What you need to do: Print the lines that run from the line with "Northey Talks Water Quality in Breda" to the line with "U.S. Polo Assn.", keeping both end lines, exactly as they appear in the entries below, and nothing else.

[Opening Source material section]

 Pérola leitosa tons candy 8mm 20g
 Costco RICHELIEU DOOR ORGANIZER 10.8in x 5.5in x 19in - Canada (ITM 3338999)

[Closing Source material section]
[Opening Source material section]

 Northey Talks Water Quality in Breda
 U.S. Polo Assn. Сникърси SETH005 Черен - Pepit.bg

[Closing Source material section]
[Opening Source material section]

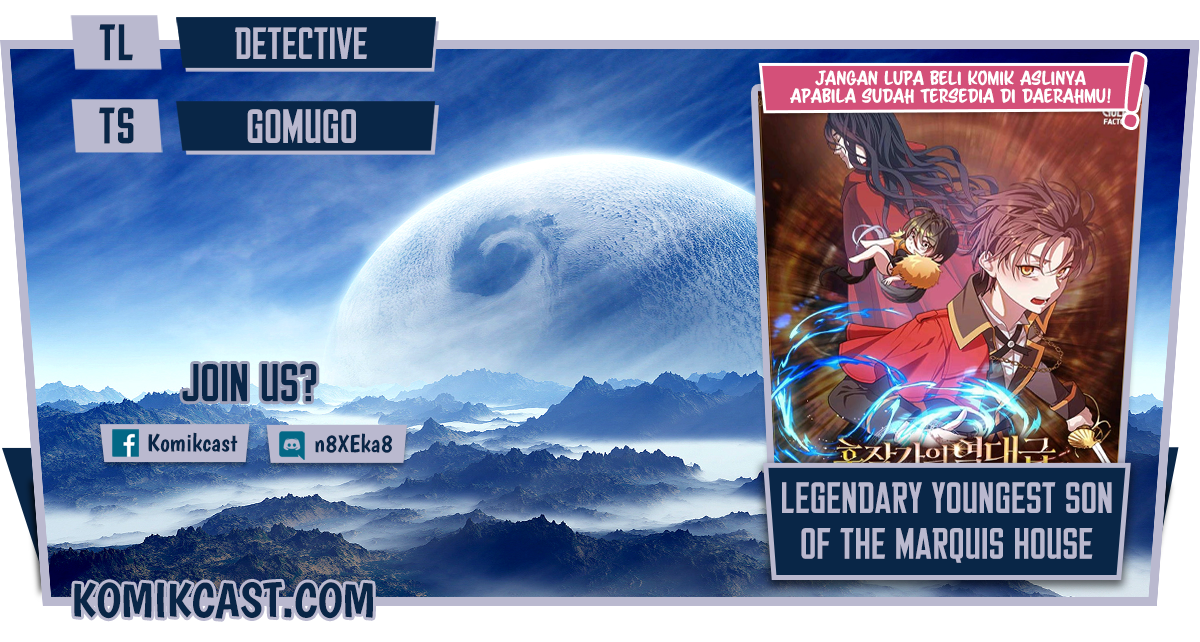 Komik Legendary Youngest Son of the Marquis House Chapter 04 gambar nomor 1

[Closing Source material section]

Response to this exercise:
 Northey Talks Water Quality in Breda
 U.S. Polo Assn. Сникърси SETH005 Черен - Pepit.bg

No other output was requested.